Em algum momento, alguém da direção diz ao professor que o que os alunos fazem fora dos limites do colégio não diz respeito ao colégio. Mas o professor testemunha várias atitudes de alto risco por parte destes alunos. Inicialmente, ele descobre coisas insólitas por mero acaso, passando a espionar o grupo intencionalmente - e até mesmo chega a interferir em uma das atitudes perigosas que eles tomam. Mas nem por isso se dirige aos pais ou mesmo às autoridades legais. Para o lado “realista” do filme, as opções do personagem soam bem insatisfatórias. E fica a impressão de que o roteiro está lançando um excesso de pistas falsas ao espectador, postergando o que seriam os temas principais. Pois ao mesmo tempo, telefonemas anônimos, luzes que piscam e se apagam, pesadelos do professor (e outras coisas bem esquisitas que lhe acontecem) parecem tentar aprofundar o clima de absurdo com certas alusões que podem ser intenções “kafkianas” do roteiro (já que o professor está tentando escrever uma tese sobre Kafka); ou seria para levantar suspeitas de uma paranoia do professor?
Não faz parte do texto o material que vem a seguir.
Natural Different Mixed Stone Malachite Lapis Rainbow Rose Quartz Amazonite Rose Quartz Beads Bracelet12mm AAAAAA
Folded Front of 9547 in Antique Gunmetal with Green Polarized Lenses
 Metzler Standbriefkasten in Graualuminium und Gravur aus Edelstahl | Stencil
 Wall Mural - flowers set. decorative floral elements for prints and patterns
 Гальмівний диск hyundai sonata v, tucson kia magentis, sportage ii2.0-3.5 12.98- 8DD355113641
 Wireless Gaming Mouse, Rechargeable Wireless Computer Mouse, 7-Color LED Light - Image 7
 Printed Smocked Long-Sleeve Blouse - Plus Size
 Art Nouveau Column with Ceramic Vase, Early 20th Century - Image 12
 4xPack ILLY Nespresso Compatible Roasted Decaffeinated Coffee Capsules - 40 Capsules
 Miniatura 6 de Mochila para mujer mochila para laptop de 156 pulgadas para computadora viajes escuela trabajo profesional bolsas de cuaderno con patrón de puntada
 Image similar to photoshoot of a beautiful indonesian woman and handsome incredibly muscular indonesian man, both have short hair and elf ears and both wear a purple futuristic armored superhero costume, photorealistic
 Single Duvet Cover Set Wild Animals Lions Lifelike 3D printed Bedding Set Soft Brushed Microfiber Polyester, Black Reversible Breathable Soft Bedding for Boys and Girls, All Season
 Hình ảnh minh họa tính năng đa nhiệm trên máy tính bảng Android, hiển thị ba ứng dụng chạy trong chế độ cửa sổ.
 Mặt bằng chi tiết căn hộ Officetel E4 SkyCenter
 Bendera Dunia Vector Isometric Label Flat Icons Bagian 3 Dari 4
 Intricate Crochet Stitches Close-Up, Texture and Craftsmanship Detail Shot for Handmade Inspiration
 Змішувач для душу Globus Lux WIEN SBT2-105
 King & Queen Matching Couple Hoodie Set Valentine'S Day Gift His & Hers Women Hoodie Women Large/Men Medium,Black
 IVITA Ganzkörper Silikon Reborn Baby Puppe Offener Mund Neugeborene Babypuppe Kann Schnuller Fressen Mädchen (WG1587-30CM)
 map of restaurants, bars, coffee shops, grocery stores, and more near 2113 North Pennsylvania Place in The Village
Mais não questionaremos sob o risco de spoiler do desfecho que parece algo imposto pelo roteiro, muito pouco claro se em relação a alguma iniciativa dos alunos... ou se se trata de algo acidental que aquele grupo de jovens temia.

Não conhecemos o romance original, mas pelo que se tem acesso na internet sobre o livro, o roteiro do filme teria modificado vários aspectos da obra literária que chegou a ser premiada como “primeiro romance”, mas que também recebeu críticas menos favoráveis.